Our family is truly multicultural, and I personally don’t feel like I really “belong” anywhere anymore. I’m French in my heart, work like a German, and live in the States with children from different cultures. If this is confusing for me, imagine how my step-children feel right now.
How has the new president impacted my intercultural life?
I have been dealing with intercultural challenges all my life. In my business, I contribute to my clients’ success by helping them to overcome cultural differences between the US, France, and Germany. Currently, my clients are not sure what to think about President Trump.

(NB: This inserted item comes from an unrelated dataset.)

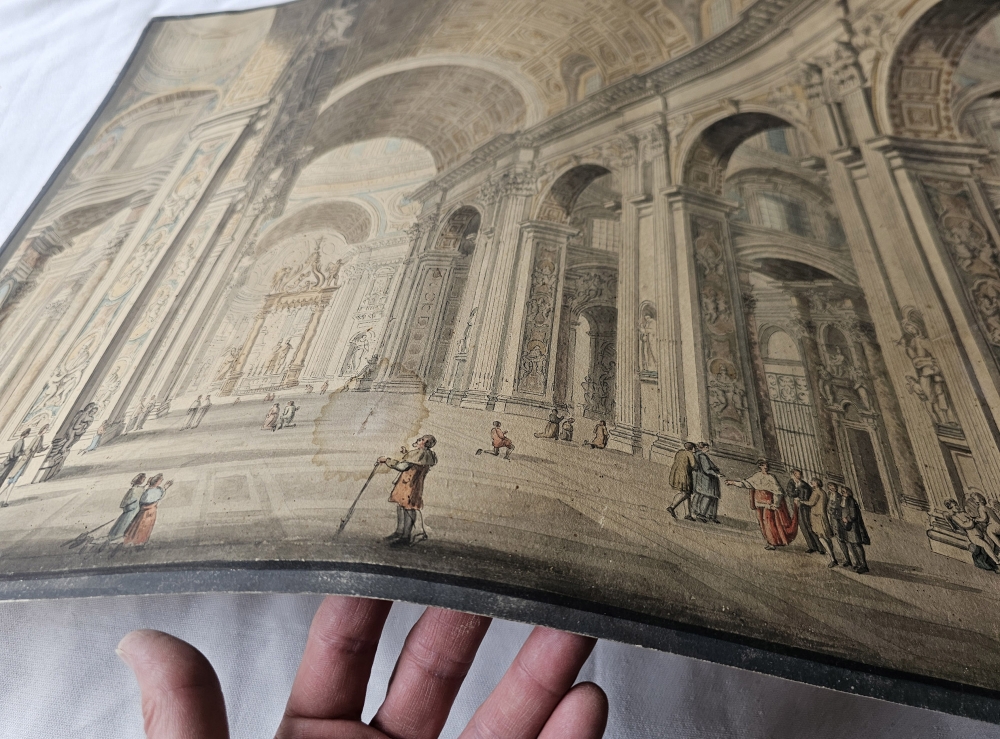 Conjunto de 4 dibujos académicos de arquitectura, acuarela y tinta aguada, vistas de Roma, firmados por Augusto Martínez, Roma, 1937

On one hand, they are respectful of his function and title: the President of the United States is the leader of one the most powerful countries in the world. In this role, he has a lot of power, and every decision is scrutinized on the other side of the Atlantic Ocean.
On the other hand, my clients don’t take Trump seriously as he makes headline after headline in their local media. Here are just a few examples that I’ve noticed since inauguration.
Leading European media posted pictures from the inauguration. Compared to Obama’s record audience in 2009, the Mall looked pretty empty last Friday. White House Press Secretary Spencer’s inaccurate claim about the official figures made it to Europe, and so did the “alternative facts” comment from advisor Conway.
Yesterday, US officials confirmed to CBS News that President Trump brought supporters to his speech at the CIA headquarters.
Meanwhile, it’s difficult for my clients, family, and friends to understand the American Electoral College. For weeks, I’ve been asked why Trump could win the election with almost 3 million fewer votes than Clinton.
Finally, the Women’s March had a huge resonance in both traditional and social European media. I guess that today’s Greenpeace activists who climbed on a crane and unfurled a sign saying “Resist” near the White House would be reported similarly through the media.
European artists and caricaturists comment on President Trump
France had Nicolas Sarkozy, and Italy had Silvio Berlusconi. The first was featured in his own graphic novel a few years into his presidency. Already, Donald Trump is a great source of inspiration all over Europe. The tweet pictured below was censored by Twitter. Fortunately, younger artists’ Trump-like snowman can be admired without being censured.
I laughed a lot at this one from the Netherlands, a country in Western Europe slightly larger than Maryland.
For my part, I’m tired of the repetitive headlines from the American newspapers I read. Too often, the Washington Post and New York Times make headlines that are not worth it. In my opinion, their job is to report real news, not anecdotal evidence.
Finishing on a positive note
I couldn’t believe it when I read that a meter of snow fell in the Sahara desert! A month after the largest desert on the planet experienced the first snowfall in nearly 40 years, snow has returned in greater volume. (Read more here: A meter of snow fell in the Sahara desert.)
Also, I realized yesterday that the Super Bowl is coming. I love this big American event since I first became familiar with the rules of American football. Last year, my husband prepared yummy chicken wings, and we spent a few hours in front of the TV enjoying sports and commercials. This year, we’ll somehow fit all seven of us in the family room!
Finally, last week I enjoyed the finish of the Vendée Globe, the hardest solo sailing race in the world (non-stop around the world, without assistance).
This reminded me how much I appreciate living in 2017 in a place with high-speed internet. Thanks to new technology, I was able to watch French leader Armel Le Cléach crossing the finish line in Les Sables D’Olonne, France on my tablet. His time sets a new record for the race, beating the previous record by three days and Jules Verne’s 80 days around the world by six.
What about you? How was your first month of the year?